Task directions: Please transcribe exactly the lines from the line holding "salvador, bahia /" through the end of the data below, and skip any pictures.

The input:
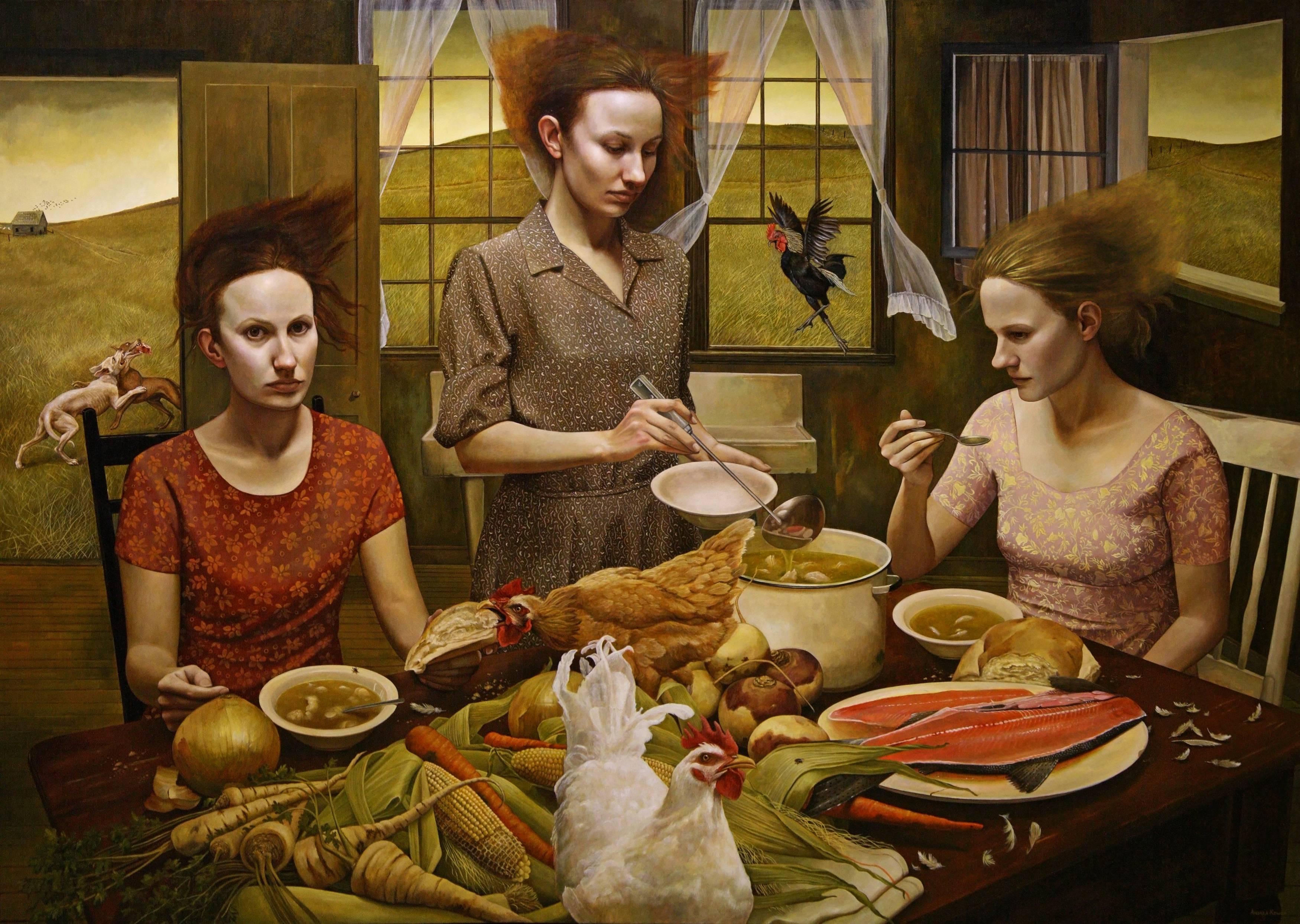 Andrea Kowch Figurative Print - The Feast - Limited Edition Hand Signed Print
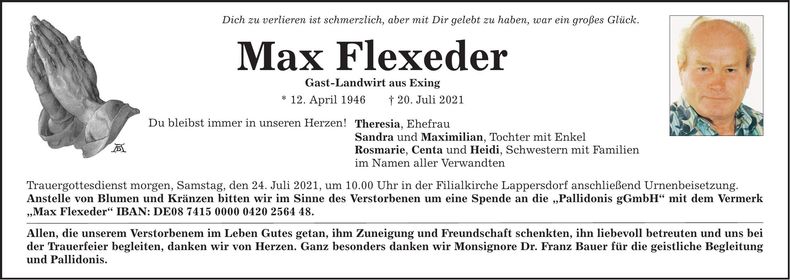 Traueranzeige Max Flexeder
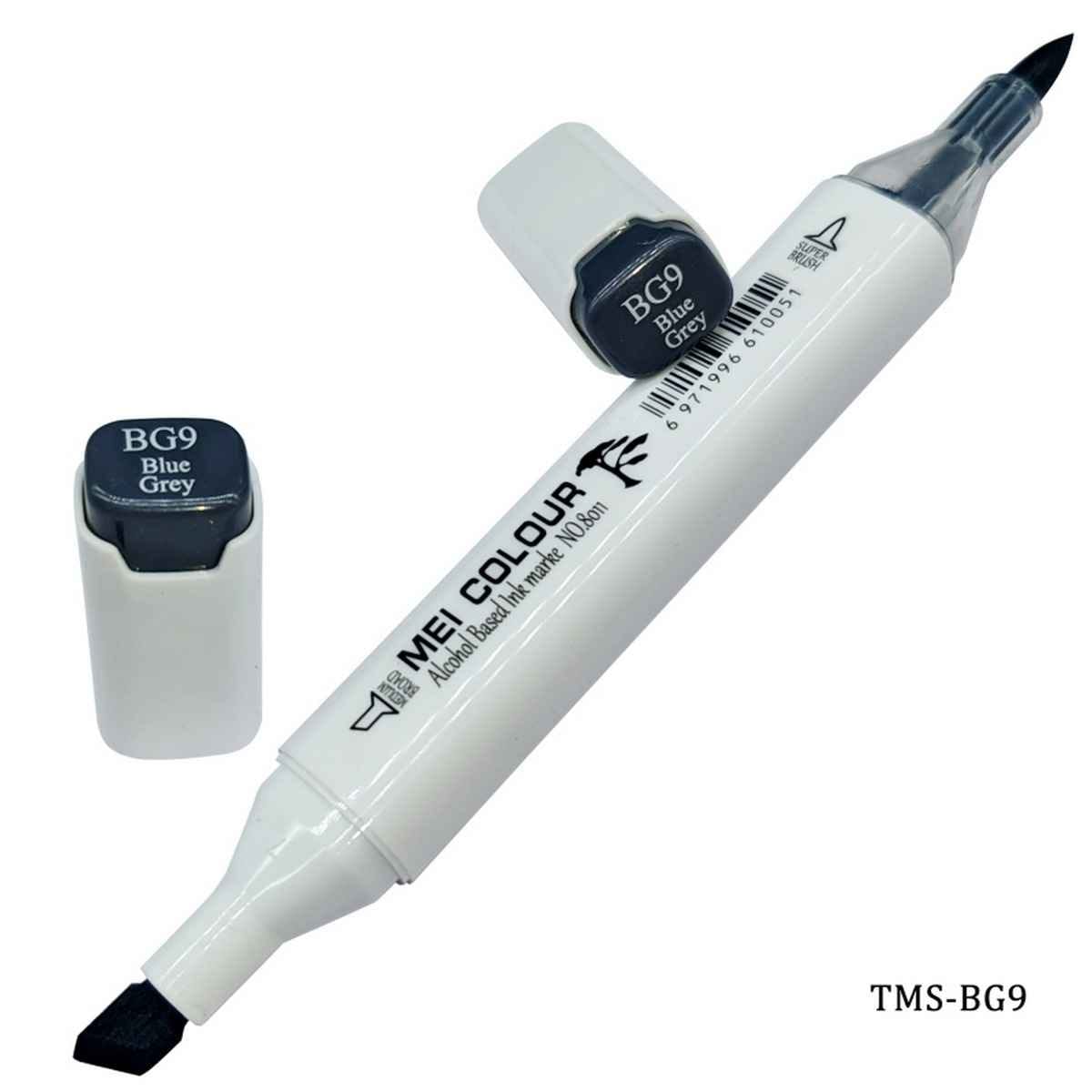 Dual Tipped Blue Grey Touch Marker Soft Pen 2in1 TMS-BG9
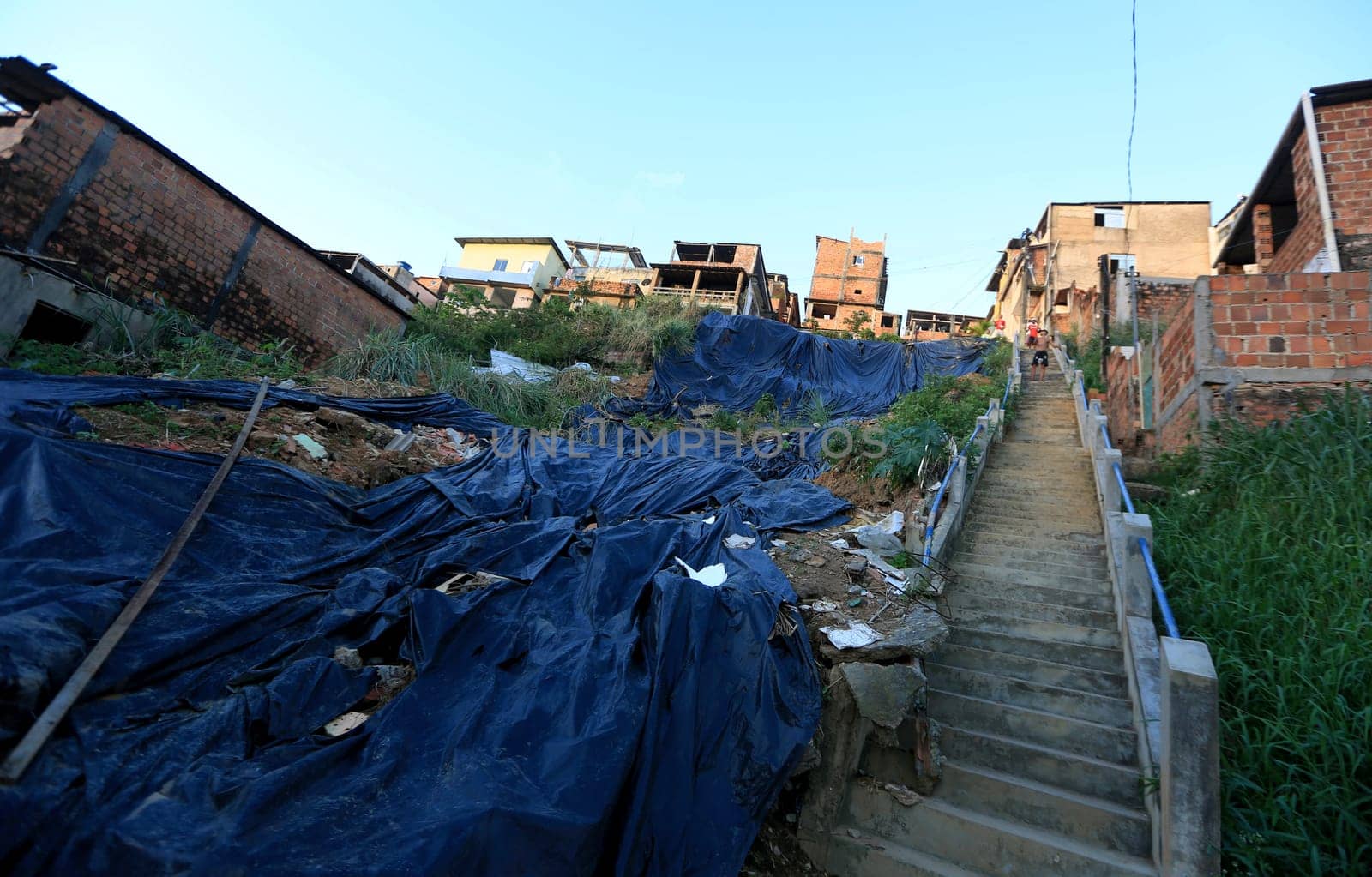 salvador, bahia / brazil - september 15, 2015: View of the hillside in the Morro do Marotinho community, in the Bom Jua neighborhood in the city of Salvador. On site 4 people died in a landslide.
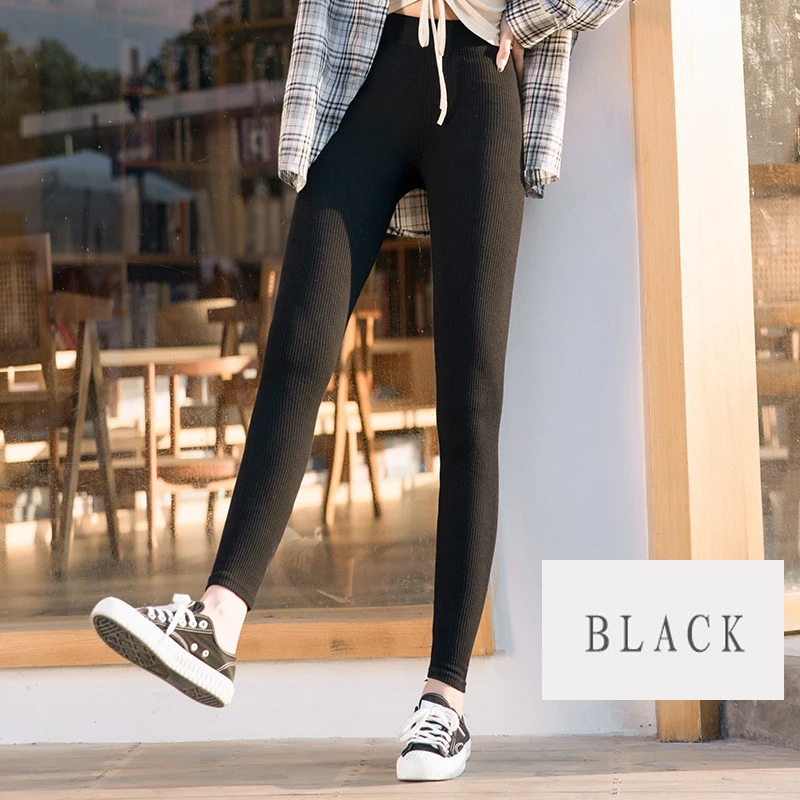 

CHRLEISURE Winter Warm Leggings Women High Waist Knitted Fitness Pants Women Casual Skinny Slim Gym Leggings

Written response:
 salvador, bahia / brazil - september 15, 2015: View of the hillside in the Morro do Marotinho community, in the Bom Jua neighborhood in the city of Salvador. On site 4 people died in a landslide.

CHRLEISURE Winter Warm Leggings Women High Waist Knitted Fitness Pants Women Casual Skinny Slim Gym Leggings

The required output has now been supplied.